El país que fue el gran imperio colonial, cuya misión era civilizar el mundo,
aportar a tantos rincones del planeta el racionalismo, la ciencia, la imposición
en definitiva de un modelo de vida superior, el que representaban las clases
altas británicas, tan refinadas ellas, con la longeva reina a su cabeza, muestra
ahora su fachada más indecorosa, su peor rostro, una crisis social que no es de
este momento ni de hace unos pocos años, cuando ocurren los hechos del libro, sino
que se inicia antes, en los tiempos tal vez del gobierno Thatcher, cuando tanto
se habló del imperio, ya con una cierta nostalgia que reflejaba, que refleja,
que aquel momento ya pasó y se busca vivir de rentas para no tener que ver la
realidad tan decadente de hogaño.
Sin
duda podemos pensar que siempre que se recurre al pasado glorioso, en Gran
Bretaña o en cualquier otro país, a la épica de los buenos tiempos, cuando éramos
los mejores, cuando nos admiraban en el mundo entero, cuando marcábamos las
diferencias evidentes y éramos el ejemplo, el faro y la guía de la gobernanza y
la cultura, cuando se reafirma ese discurso del hecho diferencial y se pretende
afianzar que toda esa gloria se mantiene es porque el presente, al fin, deja
mucho que desear.
Ocurre
también cuando se habla del jardín europeo, faro civilizatorio todo el
continente, o de la grandiosidad, la grandeur, de cualquiera de
sus partes, todas ellas con el tema recurrente de lo que fueron, de lo que
pretenden todavía ser.
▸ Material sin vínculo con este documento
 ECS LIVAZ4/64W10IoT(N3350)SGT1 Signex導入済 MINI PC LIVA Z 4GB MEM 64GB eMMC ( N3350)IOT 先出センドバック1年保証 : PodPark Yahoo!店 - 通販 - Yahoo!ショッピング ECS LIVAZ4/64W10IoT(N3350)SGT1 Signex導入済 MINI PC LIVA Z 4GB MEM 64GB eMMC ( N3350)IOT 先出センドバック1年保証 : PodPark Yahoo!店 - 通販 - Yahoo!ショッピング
Pero la verdad es que ese discurso épico de las viejas
glorias y de los hechos diferenciales dan pábulos a opciones políticas sin más
contenido ni base que esa nostalgia de lo que fueron, sin atrever a mirar sus realidades
actuales, cada una la suya, ni siquiera discernir lo que son tales sociedades
hoy. Podemos aplicarlo a Europa, a Francia,
a España, donde volvemos a escuchar las evocaciones del pasado por unas
organizaciones que no saben siquiera cómo funciona un Estado moderno, a
Cataluña, donde hoy recoge la antorcha del hecho diferencial y la cultura política
diferente, la herencia del procès, un partido xenófobo sin más contenido
que mantener el discurso del nosotros y el ellos, la épica de una reconquista
sin más palabrería que el mero simplismo.
Es
aplicable el discurso a otros lugares, la Rusia que vive también de viejas
glorias, al actual Imperio de imperios, unos Estados Unidos que pavonean de un
modo burdo su grandeza con aires de actor histriónico.
Claro
que ese pasado glorioso no lo era tanto en realidad, en ninguno de los casos, sólo
hay un cierto barniz que le aporta el paso del tiempo. Porque en el fondo los
tiempos excelsos ocultan no pocos claroscuros, lo vemos en la propia novela de
Berna González Harbour, donde hubo que destruir tantos documentos que escondían
una gestión espeluznante, despiadada y violenta, basada en la ocultación y la
fuerza, pero lo podemos también llamar en otros casos corrupción, colaboración,
clanes políticos que tras las palabras ampulosas escondían a veces la mayor cutrez
posible.
Nadie
está a salvo de esta realidad que pretende esconder bajo la alfombra la más
absoluta depravación. La Historia es también la historia de las miserias ocultas.